## WORK TASK
Would you return the full listing exactly, with nothing altered?
[DATA PROVIDED — start]
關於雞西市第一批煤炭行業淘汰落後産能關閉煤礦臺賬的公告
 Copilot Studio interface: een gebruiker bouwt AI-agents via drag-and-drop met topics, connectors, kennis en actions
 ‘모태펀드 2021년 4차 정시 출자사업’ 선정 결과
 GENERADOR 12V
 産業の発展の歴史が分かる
[DATA PROVIDED — finish]
## EXERCISE RESULT
關於雞西市第一批煤炭行業淘汰落後産能關閉煤礦臺賬的公告
 Copilot Studio interface: een gebruiker bouwt AI-agents via drag-and-drop met topics, connectors, kennis en actions
 ‘모태펀드 2021년 4차 정시 출자사업’ 선정 결과
 GENERADOR 12V
 産業の発展の歴史が分かる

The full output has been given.